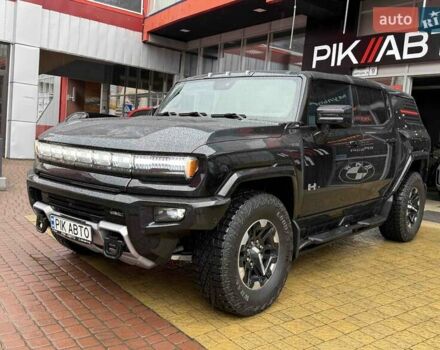 Черный ДжиЭмСи Hummer EV SUV, объемом двигателя 0 л и пробегом 11 тыс. км за 103900 $, фото 1 на Automoto.ua
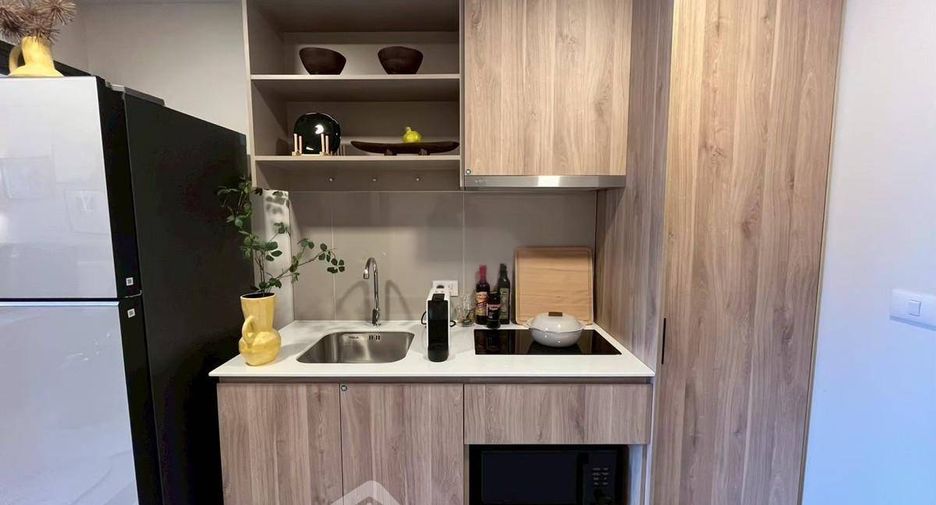 Wohnung zum Kauf mit 1 Zimmer in Huai Khwang, Bangkok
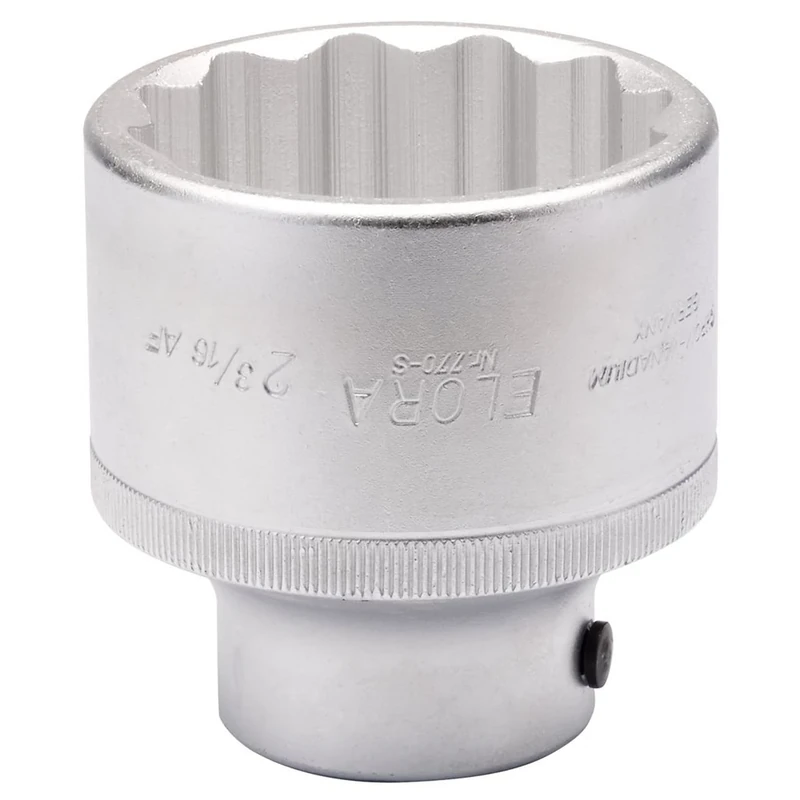 Draper 658 Elora Bi-Hexagon Socket, 3/4" Square Drive, 2.3/16" AF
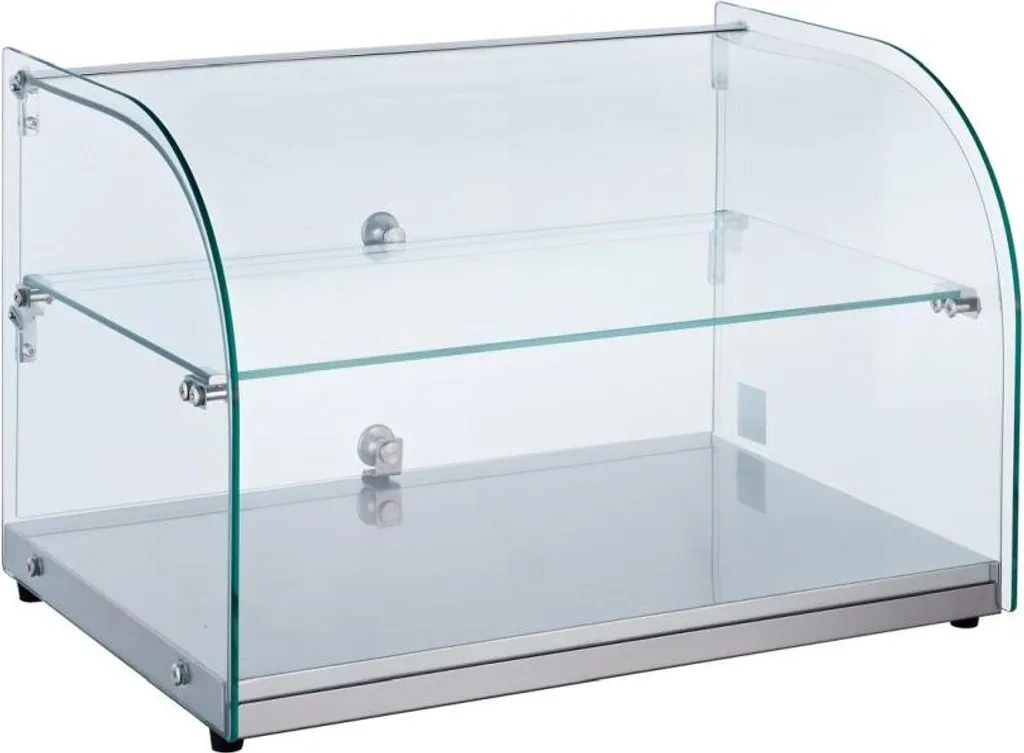 Vitrine Réfrigérée Combisteel 45L Table Neutre Noir - Modèle Show-Vitrine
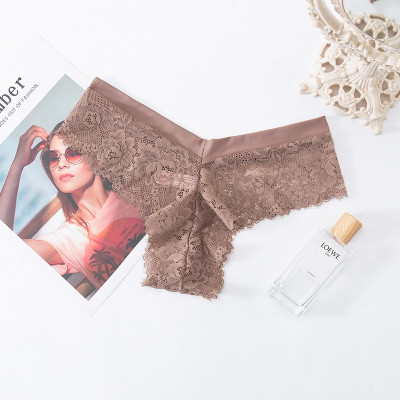 Combo 5 Quần Lót Nữ Lọt Khe Ren Lưng Bóng Q8047 – Siêu Mềm Mại, Ôm Sát, Không Lộ Viền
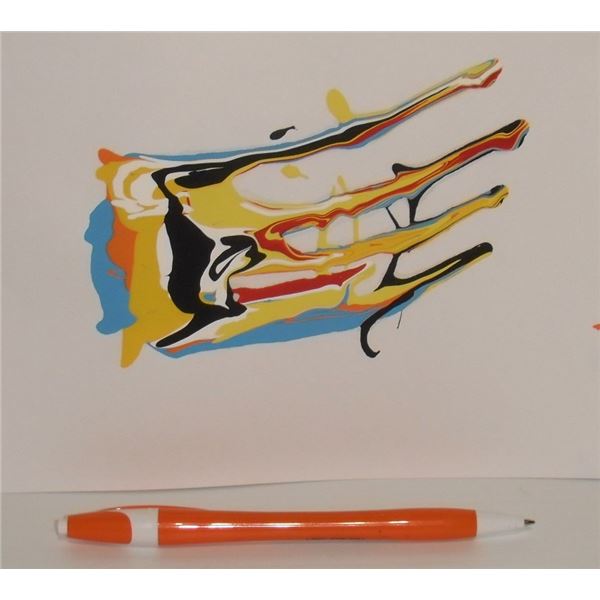 Original LangdonArt unique original painting - peinture originale unique par Artiste LangdonArt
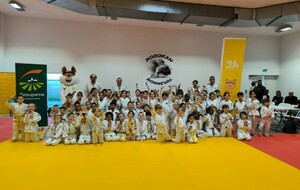 Stage départemental Benjamins, Minimes et Cadets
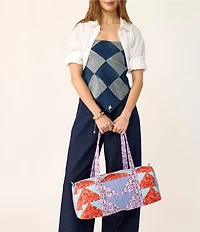 Vera Bradley Flying Geese Patchwork Small Original Duffel Bag
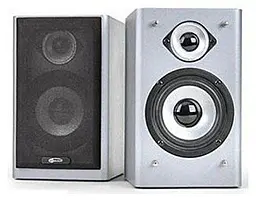 Колонки акустичні Gemix TF-5 Silver - фото Колонки акустичні Gemix TF-5 Silver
____________________
*PROBLEM*: With pictures left out, repeat exactly the lines from the line bearing "Draper 658 Elora" through the final line of the records above.

*WRITTEN SOLUTION*:
 Draper 658 Elora Bi-Hexagon Socket, 3/4" Square Drive, 2.3/16" AF
 Vitrine Réfrigérée Combisteel 45L Table Neutre Noir - Modèle Show-Vitrine
 Combo 5 Quần Lót Nữ Lọt Khe Ren Lưng Bóng Q8047 – Siêu Mềm Mại, Ôm Sát, Không Lộ Viền
 Original LangdonArt unique original painting - peinture originale unique par Artiste LangdonArt
 Stage départemental Benjamins, Minimes et Cadets
 Vera Bradley Flying Geese Patchwork Small Original Duffel Bag
 Колонки акустичні Gemix TF-5 Silver - фото Колонки акустичні Gemix TF-5 Silver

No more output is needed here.